Hawai‘i’s Working Families: What the ALICE Data Reveals
Launched January 2025
Created by: Aloha United Way
Understanding Hawai‘i’s ALICE Families — And What It Means for Our Workforce Future
Aloha United Way’s 2024 ALICE Report offers a powerful and sobering look at the financial realities facing Hawai‘i’s working families. ALICE stands for Asset Limited, Income Constrained, Employed — our neighbors who work one or more jobs, yet still struggle to afford basic needs.
What the report makes clear is this: Hawai‘i’s cost of living is outpacing the wages our workforce earns. Nearly half of all households remain below the ALICE Threshold, and younger adults — the very people we’re counting on to enter high-demand, future-ready careers — are among the most economically vulnerable.
When we pair the ALICE findings with HWFC’s From Crisis to Opportunity report, the message is undeniable:
If we want a resilient, locally rooted workforce, we must invest in livable-wage jobs, culturally grounded training pathways, and stronger wraparound supports for families.
This means expanding neighbor-island training options, aligning credentials to Hawai‘i-based jobs, supporting youth with real career navigation tools, and ensuring that job quality — not just job quantity — becomes a priority across sectors.
The AUW 2024 ALICE report is more than data.
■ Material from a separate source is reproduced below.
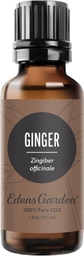 Ginger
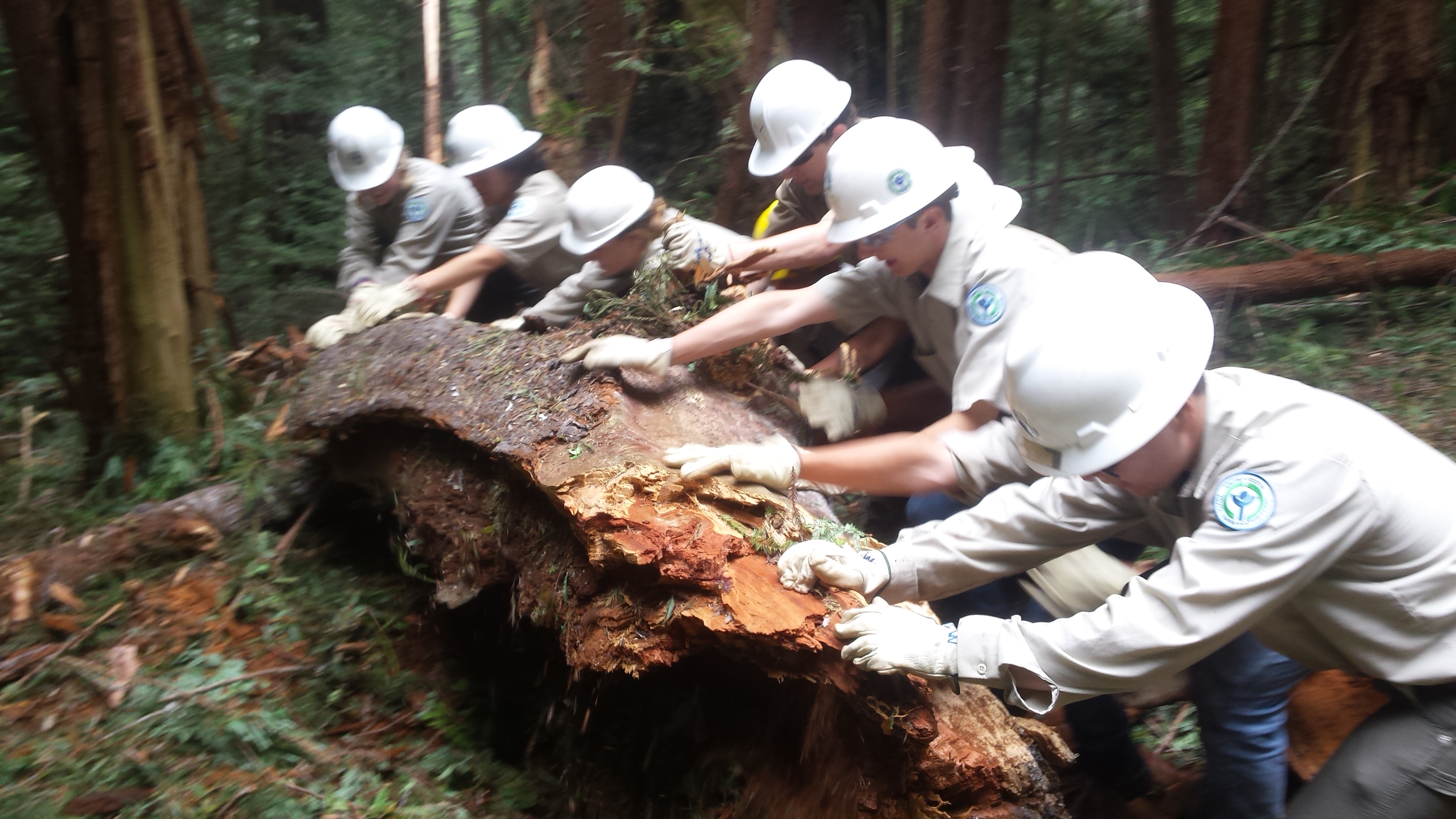 Six youth in white helmets push a log.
It’s a roadmap and a call to action.
It reminds us that Hawai‘i’s future depends on how well we support the workers who keep our communities thriving — and how we create opportunities that allow our people to live, grow, and stay home.
KEY INSIGHTS
-
The 2024 ALICE report shows that 41% of Hawai‘i households live below the ALICE Threshold, meaning they cannot afford basic needs despite working. This includes families working full-time, often in essential roles that keep our islands running.
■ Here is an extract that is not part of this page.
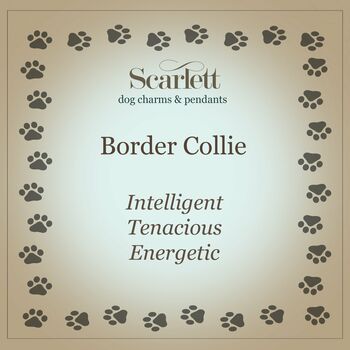 Border Collie Personalised Silver Necklace, 8 of 9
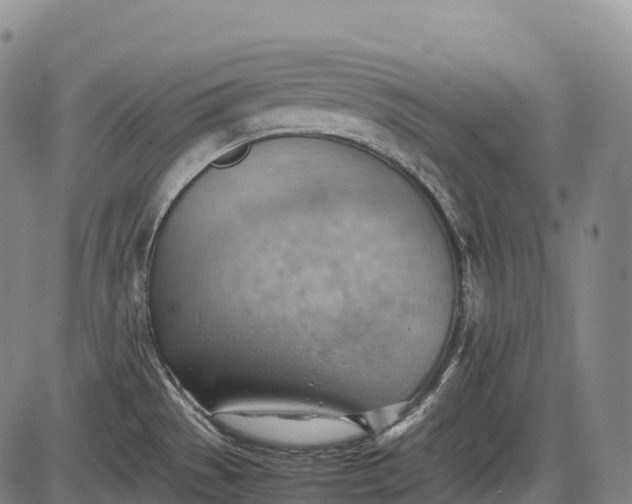 X0000085751529200703301349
Why this matters for workforce development:
If nearly half of working families can’t cover foundational expenses (housing, food, transportation), then “workforce development” cannot just focus on training — it must address wages, job quality, and stability. Without this, we’ll continue to see burnout, turnover, and outmigration. -
ALICE households are disproportionately young. More than half of residents under 35 fall below the ALICE Threshold.
Why this matters for Hawai‘i:
These are the very residents entering high-demand sectors. When young people can’t meet basic needs — or see no path to a livable-wage future — they leave Hawai‘i or struggle in place. This compounds our workforce shortages in healthcare, construction, clean energy, education, and tech.
It underscores the need for stronger local training pathways, aligned with jobs that pay and allow youth to stay rooted here. -
Housing, transportation, food, and childcare costs continue to outpace wages. Over one-third of residents have considered leaving the state because they cannot afford to live here.
Workforce implications:
We can train workers all we want — but if wages don’t rise, or if housing remains unattainable, people will continue leaving. Hawai‘i cannot afford a future where its talent pipeline is shrinking faster than we can build it.
This is a call to make “good job creation” and livable wages core pillars of workforce strategy. -
Neighbour island communities, rural areas, and Native Hawaiian and Pacific Islander households face the largest ALICE burdens.
What this means for training + economic mobility:
Workforce development must be place-based and culturally grounded.
If training opportunities are centralized in Honolulu or require expensive transportation, many ALICE families can’t participate.
We need:Apprenticeships closer to home
Sector training hubs on neighbor islands
Stipends, childcare, and wraparound supports
Programs designed with community partners (not just for them)
These are exactly the kinds of gaps that HWFC’s From Crisis to Opportunity report surfaces — and they align tightly with ALICE’s data.